Per il pallanuotista Alex Giorgetti, infine, già campione del mondo, ambassador Fondazione Laureus Sport for Good Italia Onlus, lo sport ha acquisito anche un nuovo valore grazie alla fede. «Vedevo negli occhi di miei amici una felicità che mi mancava, ed avevo vinto il mondiale… Ho conosciuto Paolo Brosio e sono partito per un pellegrinaggio a Medjugorie. La Madonna mi ha cambiato come uomo non come atleta. Ora, tornato da una vacanza della Cdo Sport, posso dire di considerarla la mia vera famiglia. L’amore è per me il vero concetto dello sport. C’è sempre una soluzione ad ogni cosa, non bisogna aver paura. E quella soluzione è Dio».

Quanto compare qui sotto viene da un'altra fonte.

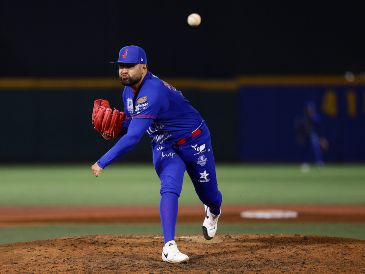 Alemao Hernández se anotó la victoria después de lanzar seis entradas en las que permitió dos hits, ponchó a uno y no admitió carreras. CORTESÍA/Charros de Jalisco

Quindicimila presenze registrate allo Sport Village

Si è così conclusa l’intensa settimana arancioblu al Meeting di Rimini, con 15mila presenze allo Sport Village, “Let’s Play Sports”, animato dai 30 volontari del Csi. Diverse le attività finora disputate con i tornei giovanili di calcio a 5, le esibizioni degli sport emergenti (cross training, muay thai, dodgeball) lo spettacolare basket free style dei Dunking Devils e i vari training giovanili di calcio, volley e basket. Allo Sport Village non sono mancate le testimonianze di grandi personaggi sportivi come la plurimedagliata regina del fioretto, Valentina Vezzali, il rugbista Mauro Bergamasco, la tennista Mara Santangelo, Serena Ortolani (pallavolista e capitana Saugella Team Monza) e Javier Zanetti (vicepresidente F.C. Internazionale e membro del Comitato organizzatore delle competizioni Fifa). Tra i CT Sandro Campagna, allenatore del Settebello campione del mondo, Davide Cassani (CT Nazionale Italia Ciclismo), Davide Mazzanti (coach Italiana Volley femminile), Arrigo Sacchi, Andrea Cipressa (Ct della Nazionale Italiana di fioretto).e Massimo Barbolini (allenatore Igor Gorgonzola Novara).

A visitare il padiglione sportivo griffato Csi inoltre l’ex azzurro Moreno Torricelli, Beppe Bergomi, Flavio Roda (Presidente FISI), Mauro Fabris (presidente Lega Pallavolo Serie A femminile), Giovanni Bruno (editorialista Sky Sport), A tutti in omaggio la mascotte ciessina: l’asinello “Nello”.